What a Second Obama Term may mean for Hydrogen Convergence

By Zachary Alexander on

A lot of very serious people like to compare President Obama’s reelection campaign to that of President Bush. In fact, you can’t turn on a cable news show without hearing some so-called guru talk about how President Obama is taking a page out the Bush Playbook when it comes to Former Governor Romney.  We at the ebTDesign Forum suggest you consider the Bush Playbook when it comes to hydrogen convergence.

Right after “E-Business in the Hydrogen Economy,” members of the NVTC committee that hosted the event were alerted to the fact that there were going to be changes at the DOE and NIST. According to reliable sources, the Bush Administration would be curtailing support for hydrogen convergence in its second term. And essentially the hydrogen fuel cell program would be shut down at the federal level.

You and your peers could very easily make the case that these actions by the Bush Administration led to the decision made by Secretary Chu to defund hydrogen fuel cell vehicle research in 2009. All of the information used by Secretary Chu as justification for canceling hydrogen fuel cell vehicle funding came from 2005. Even though, the GSA asked the Department of Energy to update its assumptions in 2008.

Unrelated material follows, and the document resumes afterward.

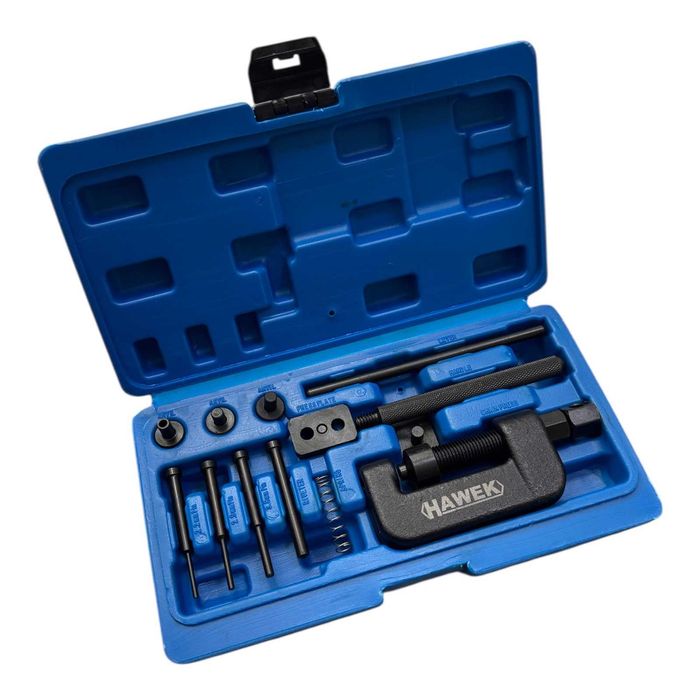 Комплект за разнитване и занитване на вериги, 13 части – HAWEK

A second term for the Obama Administration could be very good for hydrogen convergence. For example, Gary Flood (President and CEO of ReliOn) has been added to the Hydrogen and Fuel Cell Technical Advisory Committee (HTAC). This appointment is widely seen a move to shore up the Obama Administration’s understanding of the challenges facing commercial fuel cell vendors.

Nothing is ever truly set in stone when it comes to politics. The GOP could take both Houses of Congress and continue their no new investment strategy. On the other hand, there is no dismissing the relationship between oil price increases and economic slowdowns. And there is no stopping the sustainability movement wide world. It is much like gravity. You ignore it at your peril.